Frank Lloyd Wright said, “The devil’s in the details”, and it’s as true for yacht architecture as bricks and mortar.
Since we fully expect any new PAINE 26 to become an enduring boating legend we’ve spared no effort to sweat the details for your benefit. Here are just a few examples:
1. The one thing that most defines a yacht is its hull shape. In order that your new life’s playmate might become a legend, that shape must be perfect. At my advanced stage in life I have been called an expert at boat shaping and I agree I’ve learned a lot. Nat Herreshoff’s models for the H 12 ½, Herreshoff FISH, and Marlin were near perfect. I’ve slavishly copied the parent model, faired it to fourth order perfection using computer fairing, and introduced NACA researched foils and appendage trailing edges that were impossible when the material of construction was simple unreinforced wood.
2. The rake of the cockpit coamings must be just right to permit the coamings to cradle your back at just the right angle when seated- and to match the timeless aesthetic that Nat Herreshoff perfected a century ago. Too vertical and the top of the coamings cuts into your back. Too slanted and the bottom does likewise. I and my employees have measured everything that has been built to the point of exhaustion. As designed you simply can’t do better.
3. In order to be easily singlehanded the PAINE 26 jib is self tending and controllable from the helmsman’s position. You let go of the furler line, pull in on the outhaul― all from the safety of the cockpit― and away you go, never having to touch a jibsheet even when short tacking up a narrow channel. But in heavier airs this arrangement might have the disadvantage of the jibboom lifting and spilling air from the leech. To counter this I invented the “D.V.T.” (Dang Vang Thangs). They’re springy carbon fiber straps that are sewn into the jib and keep the clew from rising. Since they are parallel to the luff they have no effect upon roller furling nor the airfoil shape of the sail. Best of all they’re truly unobtrusive― you hardly notice them, unlike some of the unsightly and dangerous alternatives.
4. One of the joys of boating is swimming – a fact some boatbuilders seem to have forgotten. We’ve invented a simple transom door and swim ladder that gets you from the cockpit into the water in a trice for hours of aquatic fun.
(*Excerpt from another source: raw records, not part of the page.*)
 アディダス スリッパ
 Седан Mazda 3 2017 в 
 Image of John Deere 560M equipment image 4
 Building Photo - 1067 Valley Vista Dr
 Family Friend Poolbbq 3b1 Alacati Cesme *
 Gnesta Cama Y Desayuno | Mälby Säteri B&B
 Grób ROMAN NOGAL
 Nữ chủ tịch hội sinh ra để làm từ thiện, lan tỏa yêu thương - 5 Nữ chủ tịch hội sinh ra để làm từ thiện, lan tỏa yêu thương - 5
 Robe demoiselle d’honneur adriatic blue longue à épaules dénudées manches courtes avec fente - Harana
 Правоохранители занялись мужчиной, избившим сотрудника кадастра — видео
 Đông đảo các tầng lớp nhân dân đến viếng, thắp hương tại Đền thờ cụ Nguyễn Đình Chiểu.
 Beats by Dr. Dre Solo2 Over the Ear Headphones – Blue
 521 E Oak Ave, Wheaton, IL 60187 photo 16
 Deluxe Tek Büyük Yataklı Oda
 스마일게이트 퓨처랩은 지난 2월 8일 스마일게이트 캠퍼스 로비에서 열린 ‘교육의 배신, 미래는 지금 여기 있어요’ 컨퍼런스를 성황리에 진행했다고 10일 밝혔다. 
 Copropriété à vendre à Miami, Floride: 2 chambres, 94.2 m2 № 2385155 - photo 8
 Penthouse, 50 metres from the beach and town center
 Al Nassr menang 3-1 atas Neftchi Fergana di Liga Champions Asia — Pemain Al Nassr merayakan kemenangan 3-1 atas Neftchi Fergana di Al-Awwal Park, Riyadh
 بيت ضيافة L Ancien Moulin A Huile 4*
And incidentally (incidentally?) if you ever fall overboard from any of the existing fleet of yachts, new or used, you’ll have a few minutes to think about maybe having bought the wrong boat― perhaps an hour if you’re a strong swimmer. If you build a PAINE 26, you’ll pull a little latch, the door will fall open, and you’ll be back on board after a pleasant little unexpected swim. And go sailing tomorrow.
5. We chose 26 feet because it’s really all the sailboat most folks ever actually use. Larger boats spend their lives languishing in marinas for lack of crew, smaller ones lack the seaworthiness to venture very far out into open ocean. The PAINE 26 cockpit, where all the fun happens, is half the boat- larger than that on most forty footers. The interior, with its (optional but don’t omit it) companionway tent in place, gives you the possibility of a winter in the Bahamas. There’s a stove for cooking, toilet, and four comfortable bunks. All you need to escape urban reality and love summers again.
6. I’m getting on and have seen the vagaries of an economy unsustainably on the rise and then gone predictably amok. You have but one life to live, on this planet at least. Paper money is an invention that may have run its course― certainly paper stock certificates have. I’d love to help you exchange, while you still can, some of this paper for something of real value that can bring joy to your life. Build a PAINE 26 and enjoy life to the fullest. I’ll be proud to have helped and to know you are thriving.